Though executives refuse to discuss the matter, the commercial competition between the two sets of storage systems has been replaced by a life-and-death struggle for a place in the joint product plans being developed behind closed doors by executives from both companies.

HP has announced that the head of Network Storage Solutions will be Howard Elias, a Compaq executive who joined the company with the acquisition of Digital. However, whether Compaq's Enterprise Network Storage Architecture (ENSA) or HP's storage products will survive is still undecided.

"Today we are truly head-to-head competitors (with HP)," said Roger Archibald, vice president of Compaq's enterprise storage array division, adding that when his division comes up against HP or EMC it tends to win out. "Forty-seven percent of new disk storage sold in Western Europe is Compaq storage," he said, adding that Compaq makes up 29 percent of the installed storage base here, and did $3.4bn in storage worldwide.

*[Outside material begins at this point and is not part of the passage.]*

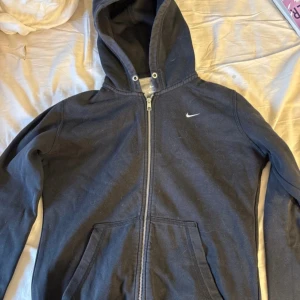 Svart Nike hoodie med dragkedja - Svart hoodie från Nike i storlek M med klassisk vit logga på bröstet. Tröjan har huva med snörhål, hel dragkedja framtill och två stora fickor. Tillverkad i mjuk bomullsblandning, perfekt för chill eller träning.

Although "excited about the formation of a new company," and determined that the future of Compaq's StorageWorks SAN range will be protected, Archibald said that the joint company's plan will emerge "within two weeks" of the expected approval of the deal. Fifteen hundred employees of the two companies have been seconded to a 'clean room' where the strategy will be worked out.

Compaq's NAS head, the NAS B3000, combines with the MSA1000 -- a Fibre Channel storage module launched in December -- to provide a storage pool of up to 3 terabytes, which is available for both NAS and SAN. Pricing will be announced on 9 April, but Archibald promised a cost per megabyte of 4 to 6 cents. Hewlett-Packard already has a similar product, which it launched last month.

Compaq has also added to its portfolio the S1000, an entry-level NAS box for departments or small businesses. The device holds 320GB to 640GB of data in a 1U rackmount chassis, and will cost "one or two cents per megabyte," according to the company. It is less flexible than the B3000, as the storage is integrated, and not available for SAN use through a Fibre Channel back-end. "When a business requires more than 640GB, it can adopt a SAN and redeploy this box elsewhere," said Archibald.

A third new product, a high-end tape library, will expand on Compaq's current product, with expanded slots allowing up to 16 drives and a total of up to 595 tape cartridges.

Compaq is also bullish about its prospects in storage virtualisation. "We have shipped more capacity than anyone else claiming to have a virtualisation product," said Archibald. Two petabytes of storage have been shipped with the company's Enterprise Virtual Array -- a product which provides an array of virtual storage -- launched last November.

However, Compaq's virtualisation product only works with the company's own kit, while HP has a multi-vendor virtualisation product, derived from StorageApps, a company HP purchased. HP's virtualisation product allows users to virtualise across multiple vendors' storage products, an attribute which should be useful when two product lines are converged.

"Our next product will offer SAN wide virtualisation," said Archibald, promising something more than the StorageApps product which he described as an "in-band virtualisation engine".